Mais bon, tant qu`à être sur le sujet, la météo est optimiste pour le jour de la course: alternance de soleil et de nuages avec un maximum de 57 degrés Farenheit (14 Celcius). Le vent: 10-15 km/h du sud. Donc, pas vraiment de soucis à me faire de ce côté. Un vent d’est aurait été plus problématique…

La stratégie maintenant.  Heu, quelle stratégie au juste ?  Ben non, j’ai tout de même fait une petite base de devoirs… Mais pas tellement. J’ai regardé le profil du parcours (il est pas mal plus clair dans le petit guide qu’ils nous ont envoyé que sur cette page web), consulté les conseils d’experts, lu quelques récits de course, etc. Sauf qu’on dirait que je n’accroche pas. J’ai l’impression qu’ils en mettent plus que le client en demande.

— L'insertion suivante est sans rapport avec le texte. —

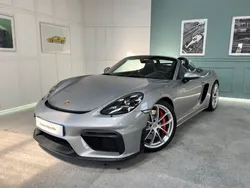 Porsche 718 Spyder 420ch / Sièges carbone / Caméra / Bose / Pack Sport Chrono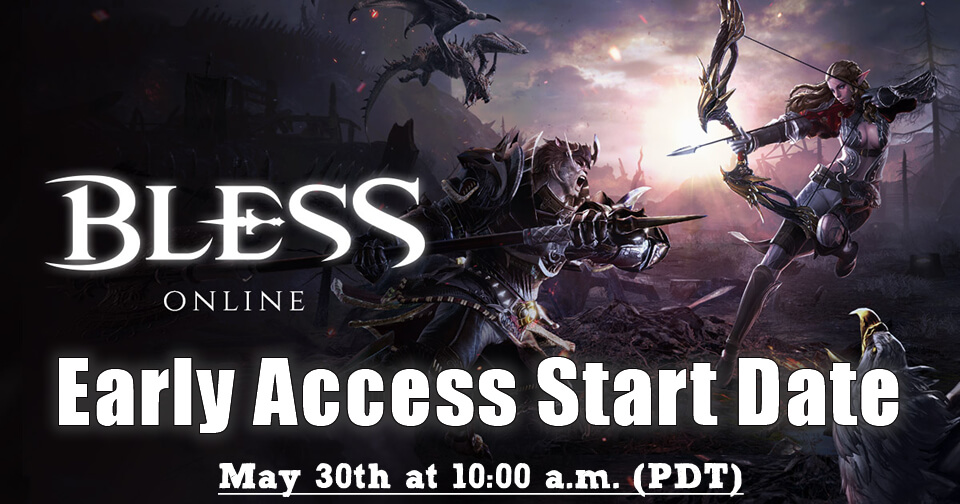 Bless Online Early Access Date & More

Le parcours est descendant sur les 4 premiers milles, puis relativement plat sur les 12 suivants. Le gros du travail se retrouve entre les 16e et 21e milles où on retrouve les infâmes Newton Hills, la pire étant la désormais célèbre Heartbreak Hill, la quatrième et dernière du lot. Puis, les 5 derniers milles sont en descendant ou à peu près.

C’est un profil qui s’apparente un peu à ce que j’ai vu à Mississauga: début descendant, relativement plat par la suite, puis des montées-descentes dans la partie cruciale du parcours. La côte au 34e kilomètre me restera toujours en mémoire… En plus, les 17 derniers kilomètres avaient été parcourus avec un vent de 30 km/h dans le visage, sous la pluie. Je m’imagine difficilement de pires conditions pour un marathon.

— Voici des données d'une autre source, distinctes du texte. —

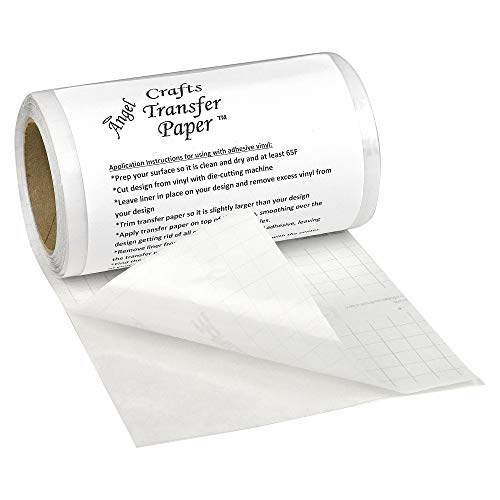 Algopix Similar Product 20 - Angel Crafts Transfer Paper Tape Craft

Dans les récits, plusieurs ont dit que les montées des Newton Hills étaient surévaluées, mais que c’étaient plutôt les descentes à répétition qui avaient tué leurs quadriceps. Hein ?!?  Si c’est vrai, je suis en voiture. Heartbreak Hill aurait une pente de 4.5 – 5% et c’est la plus difficile. J’imagine que les descentes ne sont pas tellement plus abruptes (mais je ne peux en être absolument certain), alors je ne vois vraiment pas comment mes quads pourraient avoir de la difficulté à composer avec ça. Je pense qu’ils ont déjà vu pire… et sur une distance pas mal plus longue !  🙂

Ceci dit, il ne faut pas non plus partir en fou. Je me souviendrai toujours du monsieur qui m’avait raconté, avant le départ du Marathon de Montréal en 2010, que lui était parti vite parce que ça descendait, puis en avait payé le prix par la suite.  Il m’avait donc conseillé de faire attention. Je me suis toujours demandé pourquoi il m’avait dit ça vu qu’à ce moment-là, je n’étais pas qualifié… J’ai la tête d’un gars qui est supposé être qualifié pour Boston ou quoi ?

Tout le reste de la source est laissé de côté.